WHILE THE mayor and the governor are behind closed doors trying to hammer out a reform plan for the schools - we hope that's where they are, anyway - a 93-page report released earlier this week has the potential to have an even more profound impact, not only on the state of the schools, but on the future of the city and region.

This week, City Controller Jonathan Saidel called for dramatic tax reform that would reduce the wage tax, cut the business privilege tax and reconfigure the property tax.

Story continues below.

There hasn't been this much talk of tax cuts since George W. was campaigning. The difference is that Saidel is not campaigning, and his suggestions call for shifting the tax burdens that currently cripple growth and structuring our tax base so that we don't punish people for living here - or businesses for operating here.

The plan calls for reducing the wage tax to 3.5 percent by 2007. It would reduce one part of the business privilege tax by 38.5 percent and another by 16.7 percent. Real-estate taxes would shift so half of the revenue would come from a tax on land - rewarding building and punishing speculation.

With lower taxes, the city could attract more people and businesses, thereby stimulating more revenue. In other words: high taxes repel, low taxes attract.

It's like a big TIF for the rest of us - those tax incentives that are now handed out to corporations to entice them to do business here. The biggest obstacle to this smart blueprint for reform is the shift in mindset that would be required. It would demand that the city think about itself in a different way, abandoning the punishingly high tax burdens we now place on workers and businesses that drive them out of the city, and understand that we should be competing more smartly with other cities. The plan would force us to admit that the bottom line is not the revenue that we must squeeze out of the few remaining city dwellers. In reality, that bottom line is long-term growth.

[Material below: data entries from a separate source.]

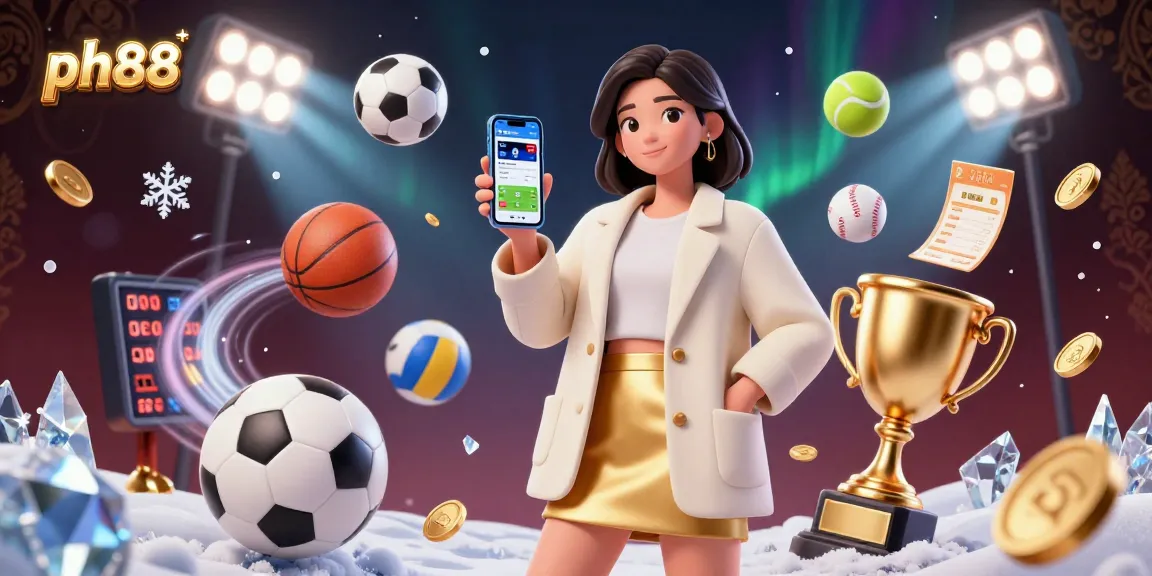 Experience ph88 with a stunning visual of a woman engaged in sports betting amidst dynamic game elements and trophies.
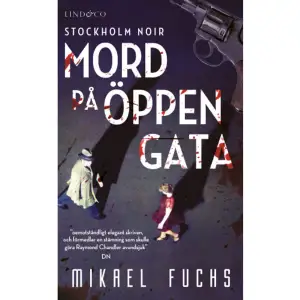 Nya Sveavägen, Stockholm, en regnig kväll i september 1949. På väg till sitt kontor blir advokat Henrik Wagner skjuten av sin fru Cecilia. Hon grips på bar gärning av några poliser som bevittnar händelsen. Cecilia påstår sig ha skjutit maken i självförsvar då han under en längre tid ska ha misshandlat henne. Den cyniske och slitne kriminalöverkonstapel Håkansson verkar ha en enkel utredning framför sig. Snart uppdagas dock omständigheter som gör fallet betydligt mer komplicerat än vid första anblick. Mord på öppen gata är första delen i kriminalserien Stockholm noir och blev nominerad till en Crimetime Award för årets deckardebut 2019. MIKAEL FUCHS bor i Stockholm och är författare, tecknare och jurist. 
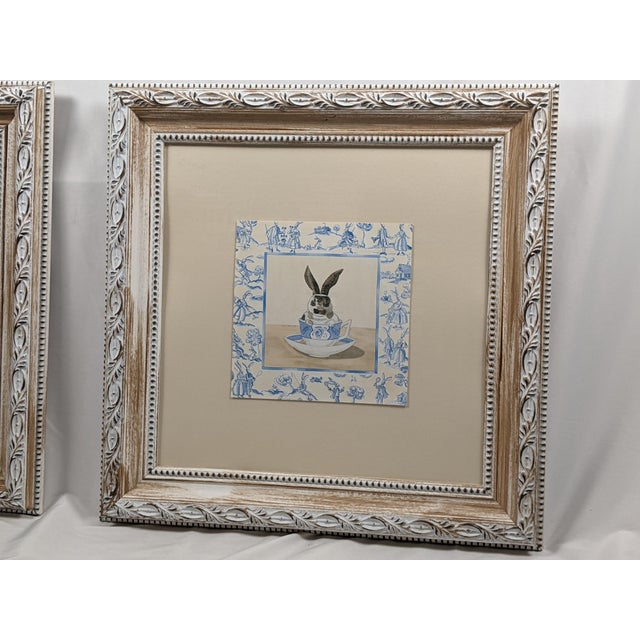 Late 20th Century Kari Phillips Teacup Bunny Series Framed Prints, White, Blue & Light Brown – Pair For Sale - Image 11 of 13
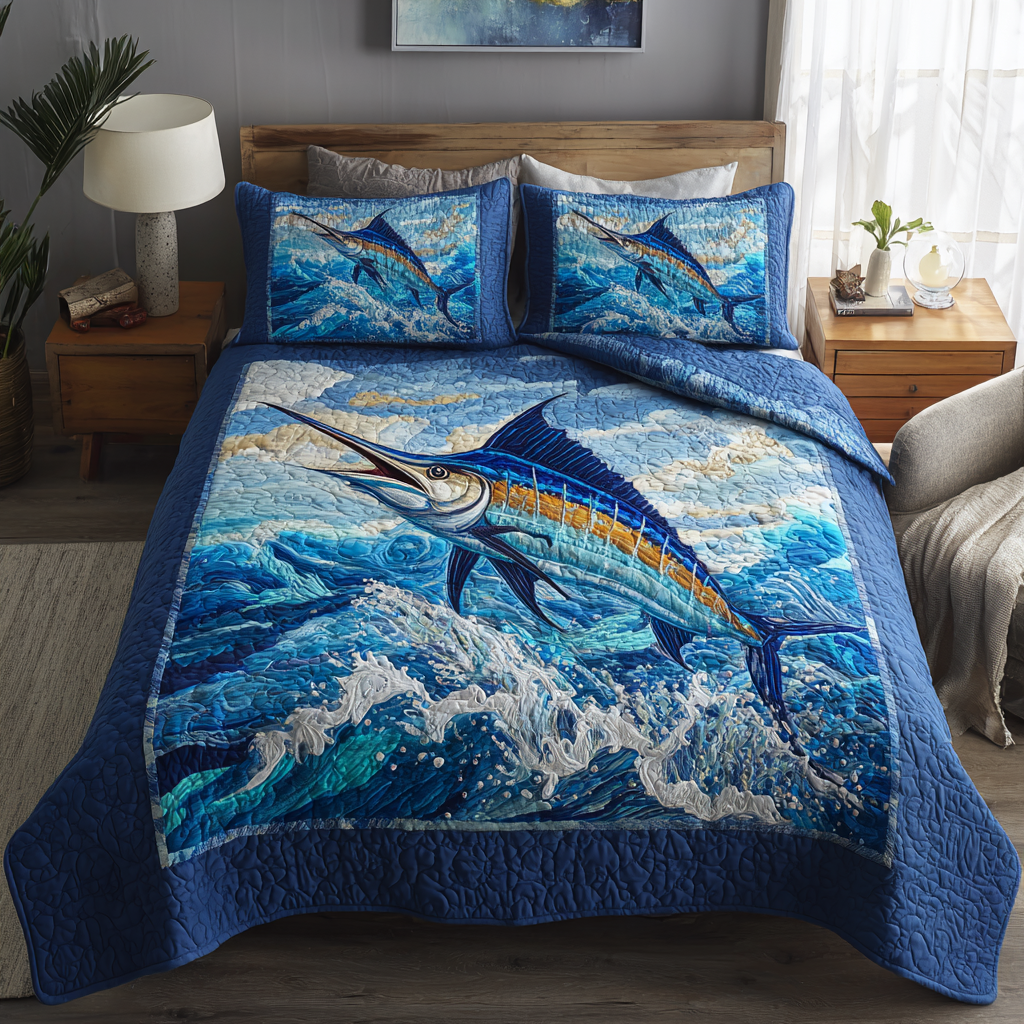 Marlin Adventure Quilted Bedding Set Duvet Cover Bed Sheet Set Gifts For People Who Love The Beach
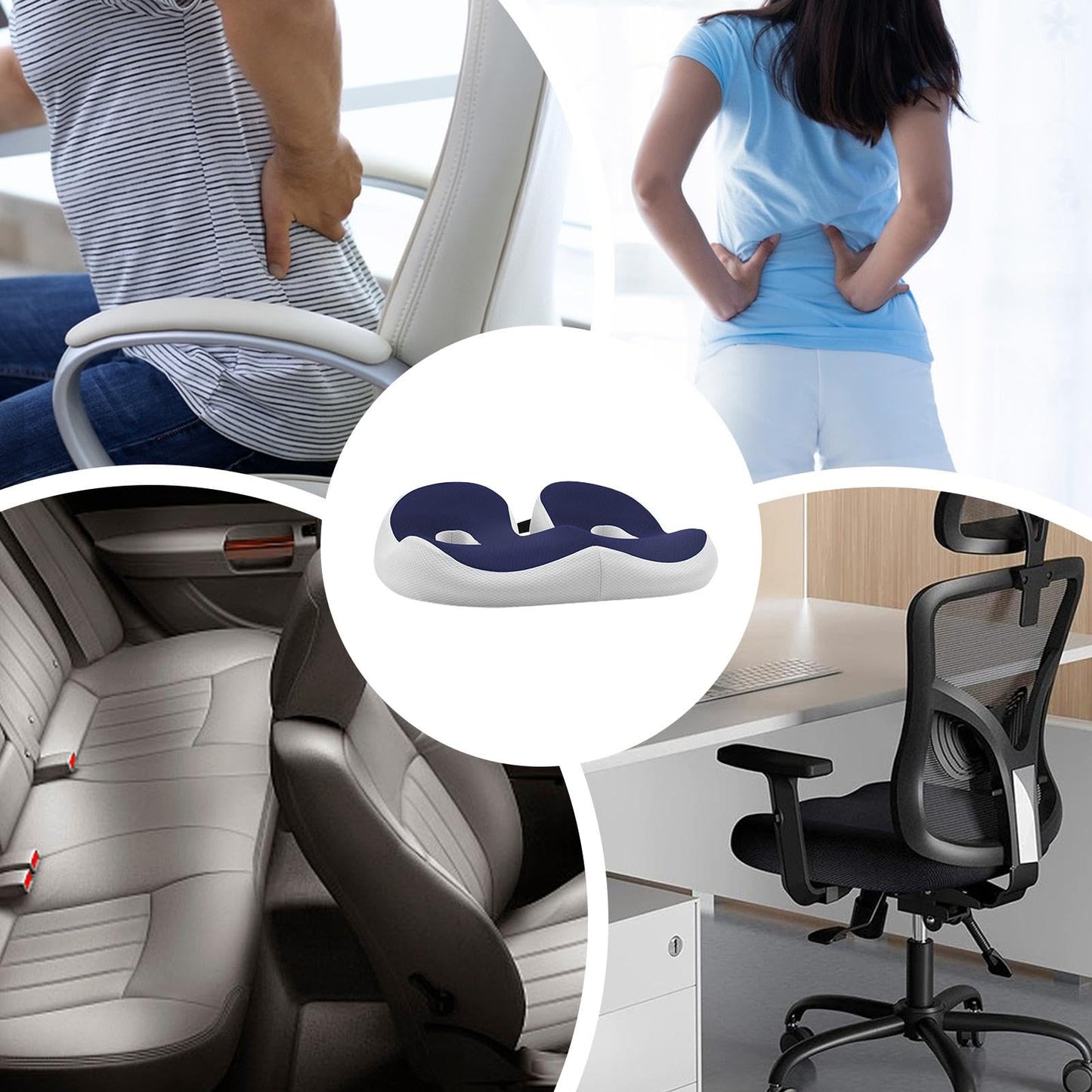 Qeepucak Outfany Ergoseat, Libiyi Outfany, Hilipert Ergoseat, Hilipert Memorys Foam Seat Cushion, Orthopedic Seat Cushion, for Long Sitting, Workers, Students for Studying, Writing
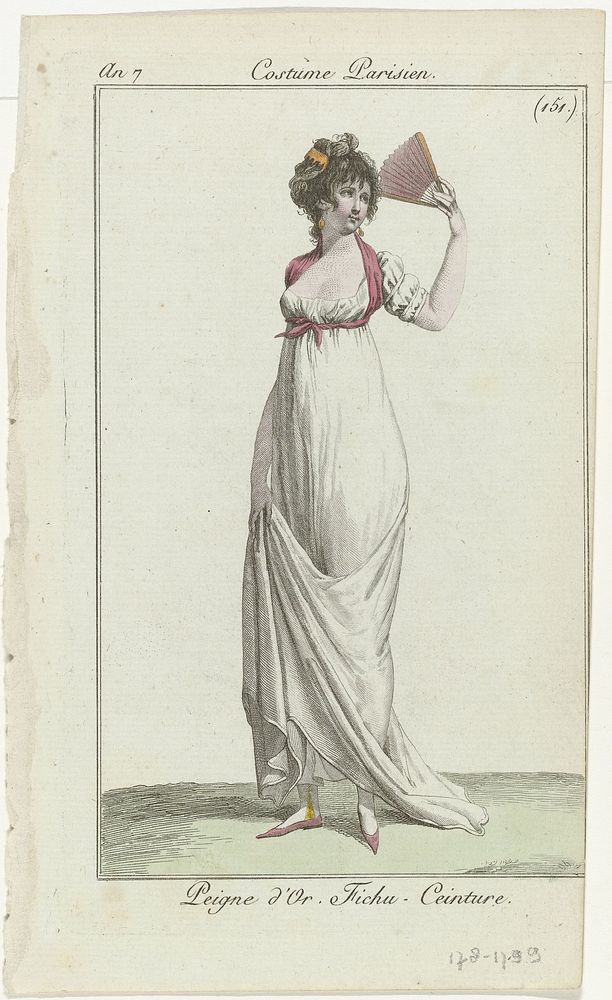 Journal des Dames et des Modes, Costume Parisien, 17 août 1799, An 7, (151.) : Peigne d'Or (...) (1799) by anonymous and…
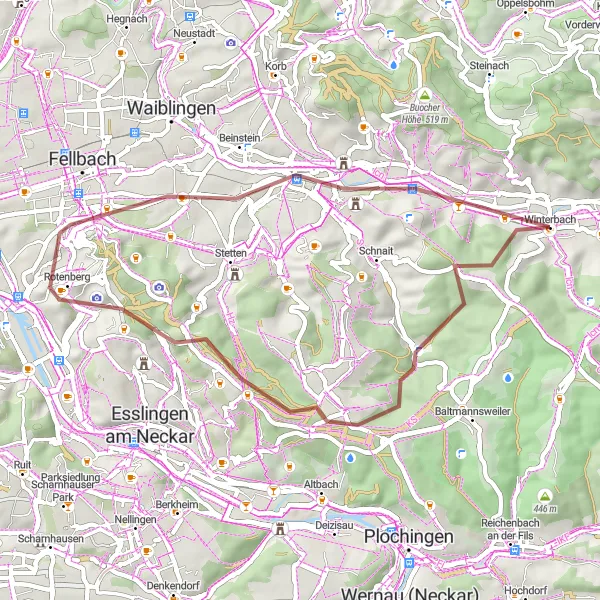 Map miniature of "Exploring Winterbach Countryside" cycling inspiration in Stuttgart, Germany. Generated by Tarmacs.app cycling route planner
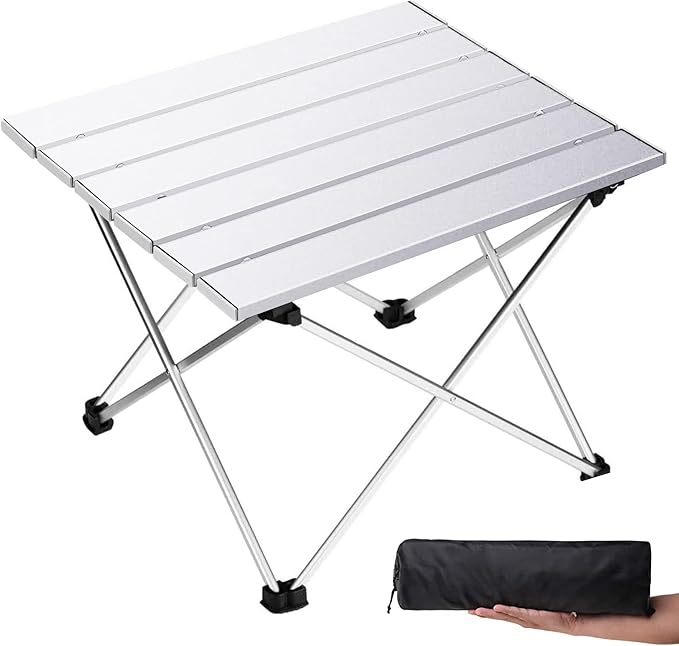 Grope Small Folding Camping Table with Aluminum Table Top Beach Table for Sand with Carrying BagPrefect for Outdoor Picnic BBQ Cooking Festival (Silver-M)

Already, City Hall is making faces at the plan, saying that it's too risky. But what would be really risky would be to ignore its mantra that "lower taxes lead to growth."

See for yourself. The full report is available online (www.philadelphiacontroller.org/tax.htm). A calculator function allows you to see exactly how the shift to land tax would affect you.

The School District's busted budget became a tangible crisis point demanding a solution. The city is not in the same straits as the district, although Saidel thinks that's only a matter of time.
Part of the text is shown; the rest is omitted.